Copa en mano Cambra nos confiesa que la principal meta a la hora de elaborar sus vinos es reflejar el terruño de donde nacen. «Transformamos nuestro vino lo mínimo posible. Desde que empezamos hace veinte años elaboramos sobre todo en barrica pequeña, ya que nos permite hacer una inmersión con las manos o un pisado con los pies, asegurando así una maceración muy suave de la uva». Como resultado de esta filosofía han nacido etiquetas como Minimum, El Bon Homme o Casa Labor, con las que el enólogo valenciano ha puesto en más de una ocasión a la crítica mundial a sus pies. Vinos que reflejan con acierto el mimo en el proceso y el maravilloso potencial del entorno que les rodea. Cada trago es sinónimo de beberse ese sol del Mediterráneo, esa calidez del clima y esa naturaleza autóctona presente en cada rincón del valle.

La arrolladora personalidad de Elena Arpón toma el mando de la visita para contarnos la apertura al público de Casa Colaus que lleva ofreciéndose apenas unos meses durante los fines de semana. Una escapada única que da comienzo con un paseo por los viñedos donde el propio Rafa comparte con los visitantes la paz que le ofrece el entorno privilegiado que rodea su proyecto y explica la recuperación de las variedades autóctonas que elabora. A continuación, se lleva a cabo un tour por las 30 hectáreas que comprende la finca, incluidas las instalaciones de la bodega, terminando así con una cata de vinos.

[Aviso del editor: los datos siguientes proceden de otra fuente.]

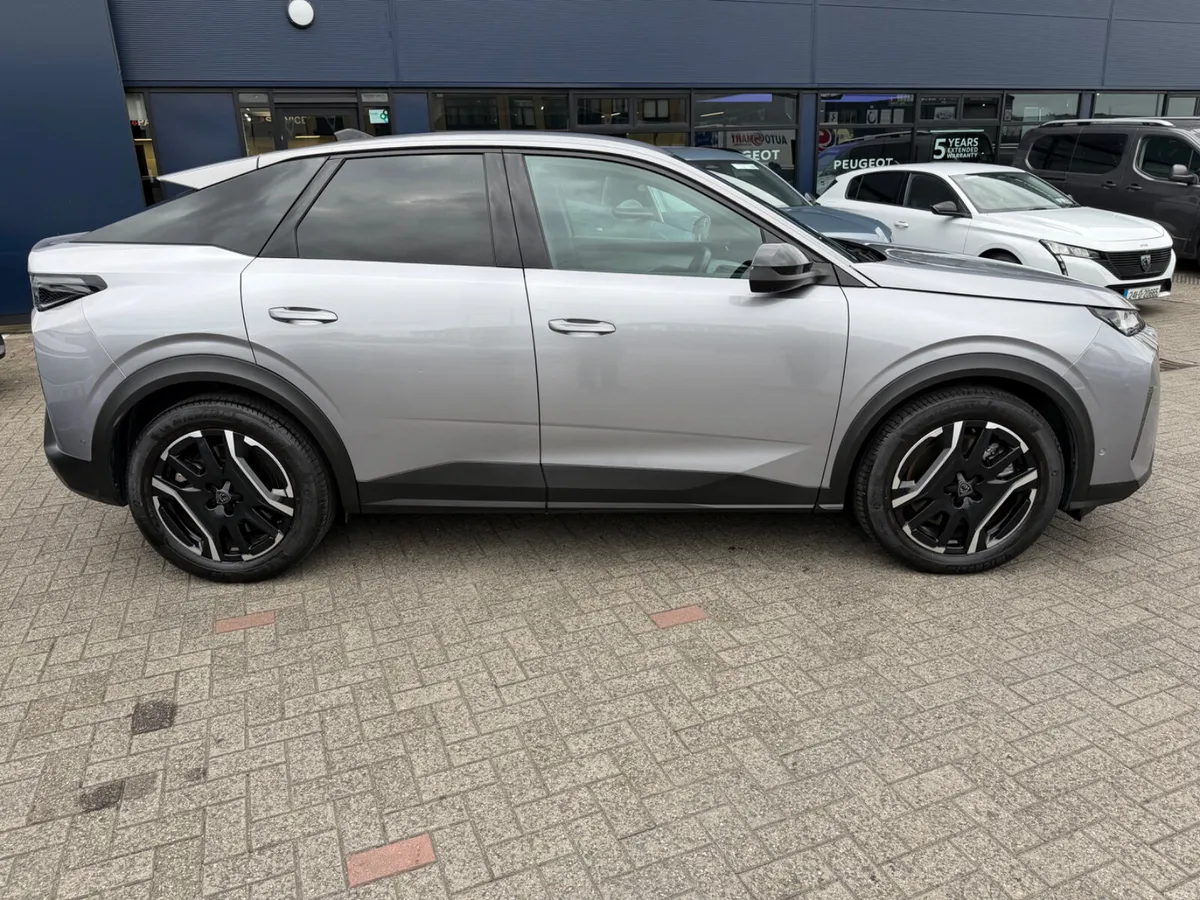2024 Peugeot 3008 eAllure 73kwh - Image 3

«Lo que más le fascina a la gente que nos visita es conocer en Valencia un lugar con un montón de hectáreas de viñedo con sierra alrededor, el paisaje inigualable de Fontanars», nos cuenta Arpón. Una oportunidad perfecta, además, de descubrir un territorio que esconde un patrimonio cultural que se remonta a antiguas civilizaciones y pueblos nacidos de la viña. Prueba de ello es el poblado íbero de la Bastida de les Alcusses en el que se encontraron pruebas del cultivo de la vid del siglo IV a.C. y varios hornos de cal romanos que llevan siglos integrados en el paisaje. Ambas joyas históricas son visitables a través de rutas a caballo o itinerarios cicloturísticos. 

Inmersos de la belleza de este paraíso en forma de valle nos despedimos de nuestros anfitriones con un brindis y una invitación para todo aquel que quiera vivir en sus propia piel la magia de Terres dels Alforins con «los pasantes de viñas».